The Broadway Production of ANN Comes to Austin.
ANN is a no-holds-barred portrait of Ann Richards, the legendary governor of Texas. This inspiring and hilarious new play brings us face to face with a complex, colorful and captivating character bigger than the state from which she hailed. Written and performed by Emmy® Award winner Holland Taylor (“Two and a Half Men"), ANN takes a revealing look at the impassioned woman who enriched the lives of her followers, friends and family.

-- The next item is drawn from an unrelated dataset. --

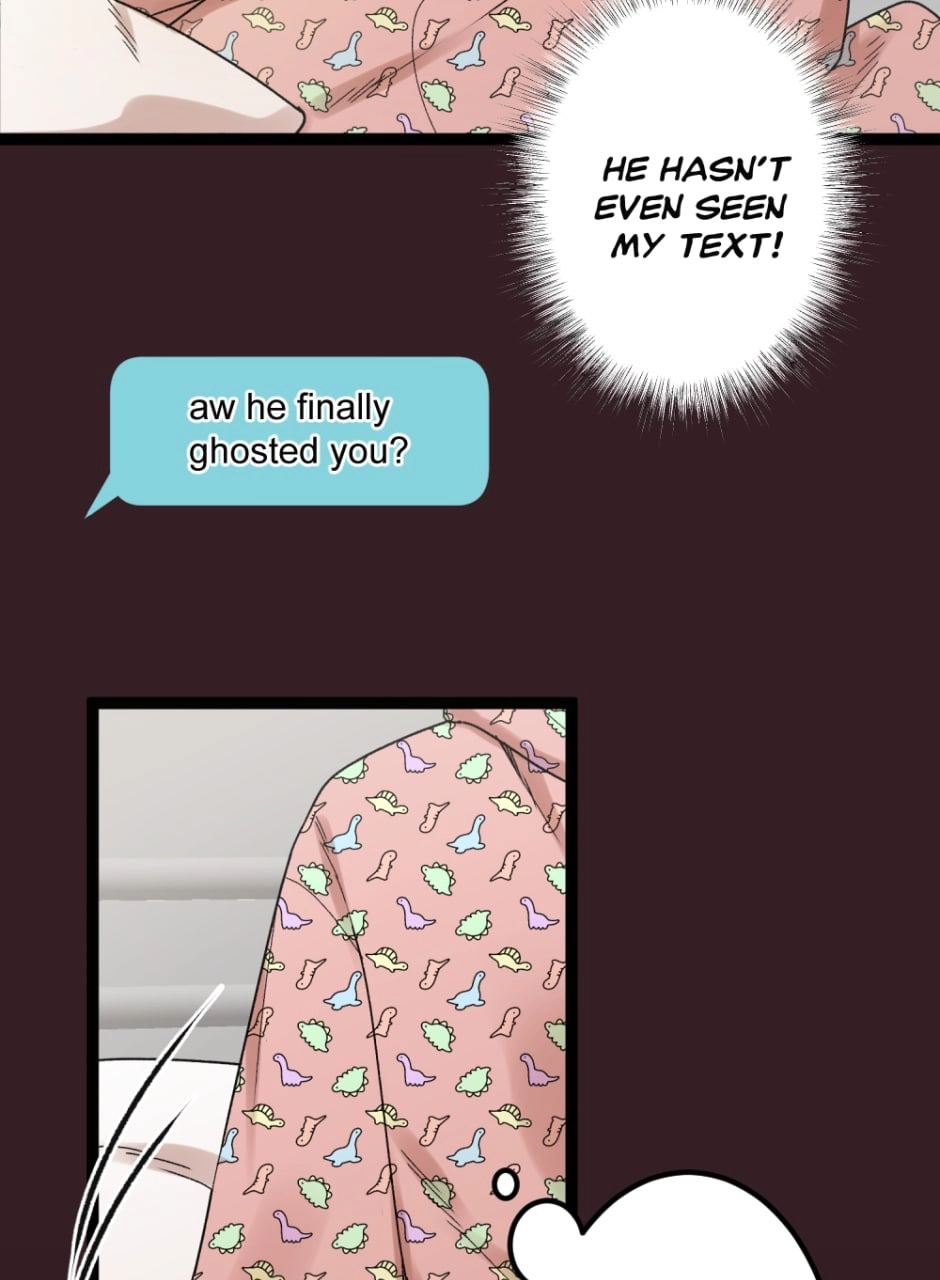 Hugger Mugger Chapter 28.12 page 4 -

After playing throughout Texas to sold-out audiences, ANN went on to win critical acclaim in Chicago, at the Kennedy Center in Washington, DC, and on Broadway at Lincoln Center’s Vivian Beaumont Theater. Now this extraordinary play is coming to Zach Theatre in Austin in a production directed by Benjamin Endsley Klein. Don’t miss this unforgettable performance that The New York Times has called, “frank, funny and warm. As Ann Richards, Holland Taylor is a FIERY DYNAMO.”
A Letter from Holland Taylor
There is no way to convey my love and appreciation for the hundred or so friends, associates, and members of Ann Richards’ family who helped me understand her in a way that would have been utterly impossible without them.
I was compelled to write this play…the notion to do a play, and the idea for how to write it—its shape and style—came all in a rush, and left me wide-eyed with surprise. And in I plunged. During the darkest hours of trying to shape a mountain of material, in a daydream I would see Ann in the fifth row, beaming happily and elbowing our mutual old friend, Liz Smith. Four years of work later, I have made a journey I could never have imagined. But I went in whole hog, and stayed in—working hard and doing the best I could—which gave me a hint of how I’ll bet Ann Richards felt every single day.
I hope Ann would like this. People loved to please her…one of her children said to please her was to get hit with a million suns. So, of course, now I want to please her, too.
Texans have welcomed me in my endeavor, which I find incredibly generous (Yankee that I am), and I will always be grateful for their affection and fun and open hearts.
As this is a piece of writing based on research, I should say something about the text itself. I had intended by now to annotate it, to say who told the story something was based on, what chunk was cobbled from this, what sliver was taken from that, and what important parts were stitched up out of whole cloth (but based on sure and certain knowledge of her). But, of course, the tide sweeps me along, and I haven’t done that yet. (I never did master footnotes in school.)
Most of the play is based on stories told to me in significant detail, including some dialogue, by the players themselves.
The office scenes in the play have been created based on many, many anecdotes—though the ending, for obvious reasons, is pure imagination —about someone I do think of now as a friend I love and know pretty well.